I am in the same industry and we have the same problem. We are moving to having "insecure" proxies that support TLS 1.1 for devices that can't update. It won't add much security but at least demonstrates its was an active decsion to support it rather than a config mistake.
Interesting, I wonder if we'll ultimately see legislation pass at some point that breaks these older TVs or non-supported devices.
I hope right-to-repair passes first.

Only the tech industry is so brazenly authoritarian about breaking things that used to work.

I don't think that saying technology is an evolving problem is an "authoritarian" stance

Software is written by human beings, human beings make mistakes. The fact these devices can't be updated by the vendor is an implicitly economic problem

Right-to-repair likely wouldn't "solve" these problems for 99% of people, unfortunately. Netflix would never have its customer service people advocating to download custom firmware for smart TV's from "some Russian website" for instance

The real change it would cause is allowing "tech savvy" people to carve out a niche repairing and reselling used, but functional devices. Which even if it's only a 1% decline in sales is an unacceptable proposition for companies.

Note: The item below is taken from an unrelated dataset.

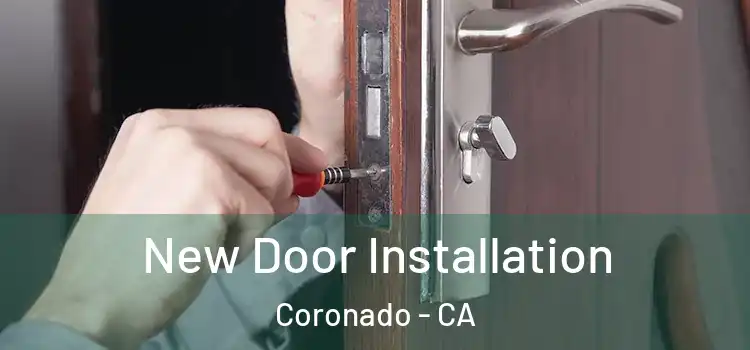 New Door Installation Coronado - CA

Selling millions of something every year somehow isn't worth it if even a single PENNY is left on the table, or "spent" in the wrong place instead of lining their pockets

The authoritarianism is that companies should be aware that technology progresses and still lock users out from their hardware so they can’t fix it when the world inevitably changes.
> Netflix would never have its customer service people advocating to download custom firmware for smart TV's from "some Russian website" for instance

They wouldn't tell that to people directly, but they could tell you to go to a repair man. Who then, would proceed to download that same firmware from the Russian website and apply it, and the TV now works. Netflix gets to keep their reputation, and the customer is happy with the TV.